A.O. Scott writes of the “awe, amazement and grist for endless argument” The Tree of Life offers; only the last of the three sound interesting to me, but I’ve found almost any film has the potential to fuel eternal (if pointless) debates. “It is like Wordsworth’s ‘Intimations of Immortality’ transported into the world of ‘Leave It to Beaver,’” he writes, “an inadequate and perhaps absurd formulation but one that I hope conveys the full measure of my astonishment and admiration.” Astonishment and admiration rarely transfer from viewer to viewer, but Wordsworth meets Leave It to Beaver? Oh man, who wouldn’t want to see what comes of that mash-up?
Anthony Lane, whom I’ve realized many other critics seem to consider a disgrace to the trade but whose writing I simply can’t not read, has always skillfully avoided the good-and-bad game. Though the least straightforwardly positive of the three, his review paints the most compelling verbal picture of The Tree of Life. Odd lines about how the film’s main boys “relax into near-Oedipal bliss” or about shots with “Sean Penn, dressed in Armani, kneeling on a beach, while the other characters mooch around like unwanted extras from ‘Zabriskie Point’” stoke my curiosity, but, for whatever reason, a passage not directly related to the movie actually gets me looking up showtimes. “‘If we cannot educate ourselves to his purposes, then clearly his work will look like nonsense,’” Lane quotes. “That is Malick, writing of Heidegger, and introducing his own translation of Heidegger’s ‘The Essence of Reasons,’ in 1969.”

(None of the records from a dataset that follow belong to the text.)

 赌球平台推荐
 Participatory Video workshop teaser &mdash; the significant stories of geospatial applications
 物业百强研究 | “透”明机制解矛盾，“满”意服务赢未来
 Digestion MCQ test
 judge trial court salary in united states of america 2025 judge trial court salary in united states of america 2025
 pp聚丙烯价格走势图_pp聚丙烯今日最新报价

Wait wait wait. The director of this film — a film that stars Sean Penn and Brad Pitt, of all actors — published his own translation of Heidegger? That observation, one Lane includes under the pains of a little extra research and at some risk of losing his audience, convinces me to watch this film more than all the exhortations about wonder and majesty and transcendence and masterpieciness I’ve heard from countless critics, cinéastes, and utter randoms alike.
But in the interest of absolute clarity, let me say that I have a pre-existing interest in Terence Malick. I’ll watch anything he directs. But why? How did I decide to follow his films in the first place? Much of my interest grew from hearing rumors about his working methods: his shooting Days of Heaven only during the “magic hour”; his panning away from carefully orchestrated explosions on the set of The Thin Red Line and onto passing flocks of birds; his making a movie once every 11 years or so on average; his constant (and constantly backfiring) flight from fame; dreaming of producing an Andrzej Wajda-directed Sansho the Bailiff on Broadway. This stuff strikes me as more meaningful than incantations about his “singular quality of vision,” his “cinematic mastery,” or his status as a craftsman of “undisputed classics.” Goodness, or even greatness — especially greatness, maybe — doesn’t turn my head. Weirdness certainly does.

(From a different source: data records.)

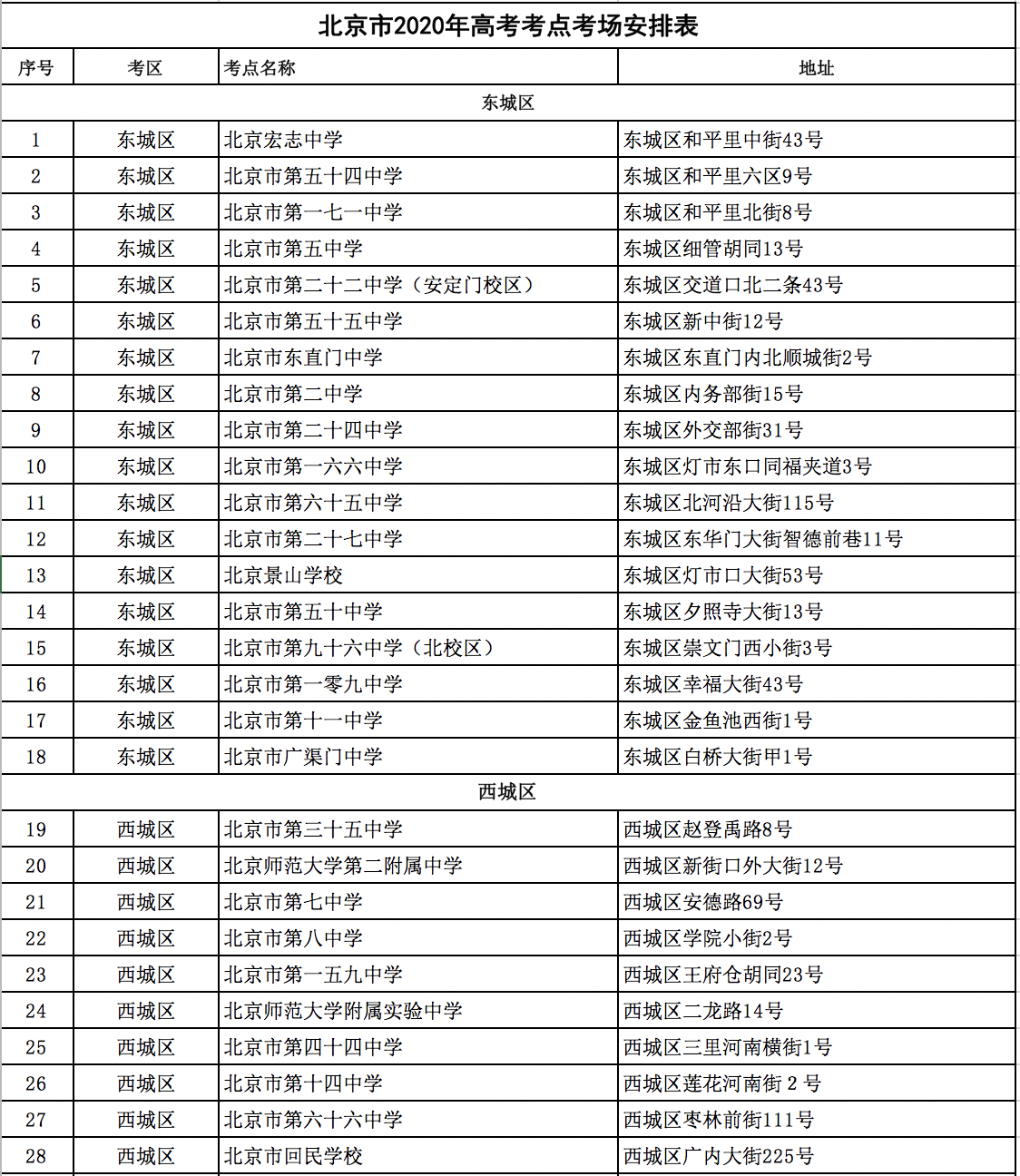 2020北京各区高考考点考场安排公布：备用考点22个 最大考点在海淀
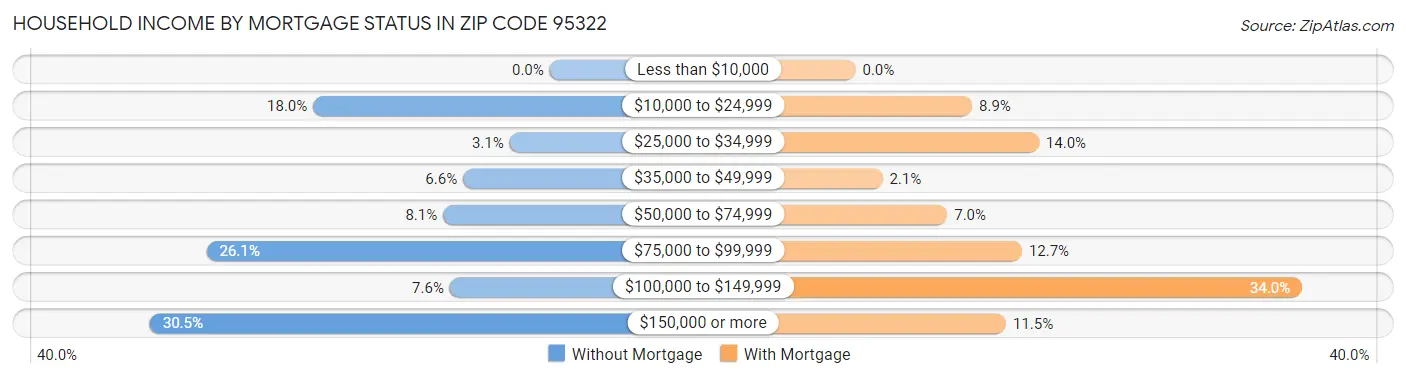 Household Income by Mortgage Status in Zip Code 95322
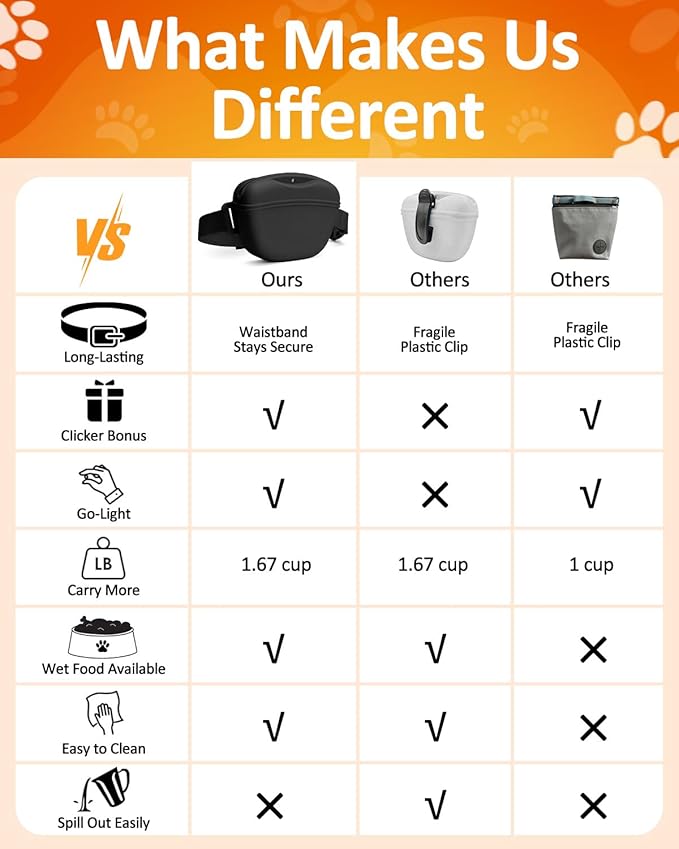Dog Treat Pouch with Dog Training Clicker, Silicone Pet Treat Bag, Upgrade No-Spill Magnetic Closure, Hands-Free Waist Belt for Pet Training, Dog Walking & Obedience, 1.67-Cup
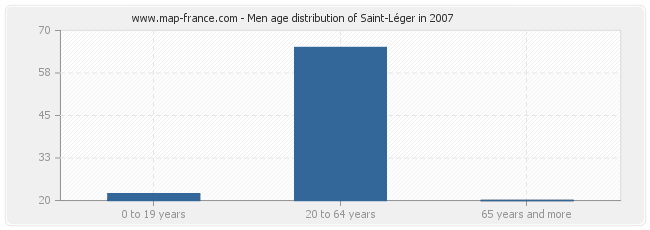 Men age distribution of Saint-Léger in 2007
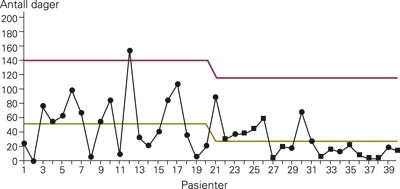Barne- og ungdomspsykiatrisk poliklinikk i Namsos: Ventetid fra henvisning til vurdering for de siste 20 pasientene f&oslash;r og&hellip;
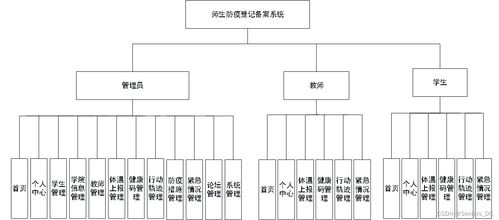 SSM校園疫情師生防疫登記備案系統設計與實現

Or maybe I just got into Malick because of that old story about Pauline Kael’s review of Badlands. Reading her pan of the film, William Shawn, her editor at the New Yorker, said, “I guess you didn’t know Terry is like a son to me.” Kael’s reply: “Tough shit, bill.” My reaction: any movie Pauline Kael insisted on getting that harsh about has to have something special going on.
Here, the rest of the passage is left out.